Primeiro a saúde?

Fora os negacionaistas, todos sabem que o coronavírus ainda está em evidência, mas, ainda assim, muitos já andam nas ruas sem máscaras de proteção e cuidados com higiene, e se valem daquela velha máxima: "Nunca vai acontecer comigo".

Com esse pensamento, muitas vidas já foram perdidas - só no Alto Tietê são 36.330 casos e 1.618 mortes.

Talvez essa despreocupação crescente com a Covid-19 encontre respaldo na iminência da vacina, que deve entrar em circulação ainda no primeiro trimestre do ano que vem, mas até lá, ainda há um bom caminho a ser vencido.

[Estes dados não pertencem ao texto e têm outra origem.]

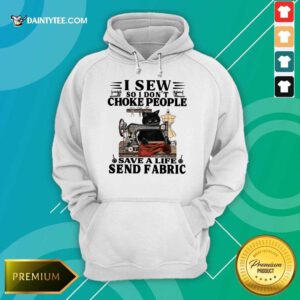 Nice Black Cat I Sew So I Don’t Choke People Save A Life Send Fabric Hoodie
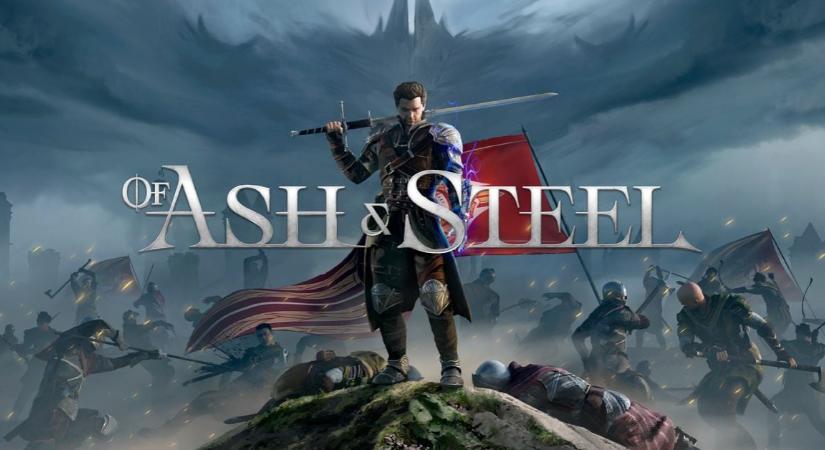 Of Ash and Steel – Múltidéző kaland a javából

Se desfazer de proteções a esta altura parece não ser a melhor solução, por isso, esse seria o momento das prefeituras das dez cidades da região voltar à carga para falar sobre os riscos dessa doença, ainda pouco conhecida no que diz respeito aos avanços que ela faz dentro do organismo e o que é possível realizar para frear as investidas que ela produz no corpo. Se por um lado, cabe a ciência e pesquisadores buscar uma solução rápida para a questão, por outro, cabe aos líderes políticos alertar a população sobre a atenção necessária à capacidade de infecção do coronavírus.

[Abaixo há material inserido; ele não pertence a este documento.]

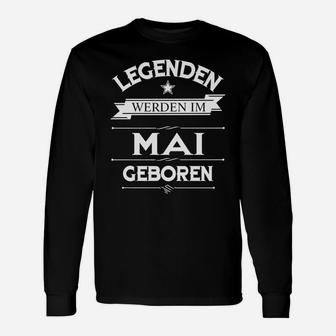 Legenden Werden Im Mai Geboren Langarmshirts - Seseable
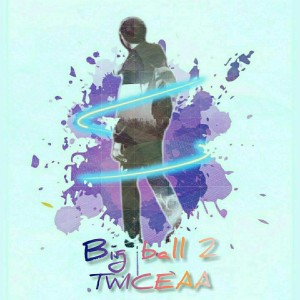 TWICEAA的專輯Big Ball 2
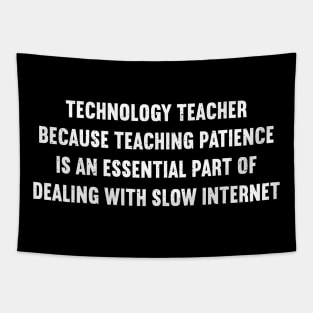 Technology Teacher Because teaching patience Tapestry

O momento pede cautela. Datas importantes estão chegando, como o Natal e Ano Novo e, nesta semana, a Black Friday deve dar uma amostra de como serão as vendas a partir do mês que vem, período em que o cidadão põe mais a mão no bolso para gastar com presentes.

Os acotovelamentos para entrar nas lojas devem ser menores, justamente em razão da pandemia. Boa parte dos consumidores aprenderam a usar os meios eletrônicos para comprar e devem manter esse método, mas há aqueles que não abrem mão da visita à loja física, e isso pode contribuir para a disseminação ainda maior do vírus.

A retomada de campanhas de concretização precisa ocorrer. Ainda não dá para fechar comércios e outros estabelecimentos, mas se o avanço não for mantido, talvez não haja outra solução, até a chegada das vacinas.

O discurso "Primeiro a saíde, depois a economia" ainda vale para alguns?